- _Work request_
Lines from the one containing "this 250×188 image." through the last line of the material below: print these exactly, and only these.

-- Data to process follows --

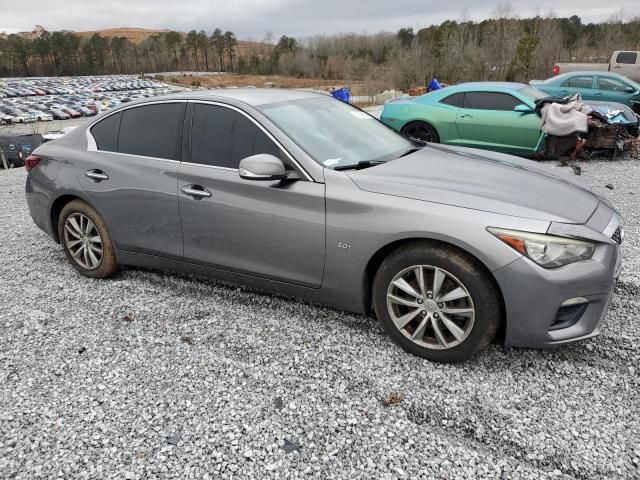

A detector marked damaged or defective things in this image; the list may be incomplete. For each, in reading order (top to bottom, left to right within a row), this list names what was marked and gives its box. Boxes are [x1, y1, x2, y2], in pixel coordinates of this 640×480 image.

damaged car [380, 81, 640, 158]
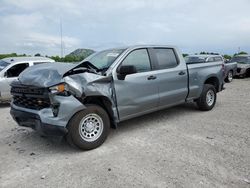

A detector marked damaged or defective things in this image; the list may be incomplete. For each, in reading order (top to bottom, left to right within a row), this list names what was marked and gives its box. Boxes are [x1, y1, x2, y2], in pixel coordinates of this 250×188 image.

crumpled hood [18, 62, 75, 87]
front bumper damage [10, 94, 86, 136]
damaged front end [10, 61, 117, 137]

-- Data to process concluded --

- _Exercise answer_
A detector marked damaged or defective things in this image; the list may be incomplete. For each, in reading order (top to bottom, left to right within a row), this list names what was marked and gives its box. Boxes are [x1, y1, x2, y2], in pixel coordinates of this 250×188 image.

crumpled hood [18, 62, 75, 87]
front bumper damage [10, 94, 86, 136]
damaged front end [10, 61, 117, 137]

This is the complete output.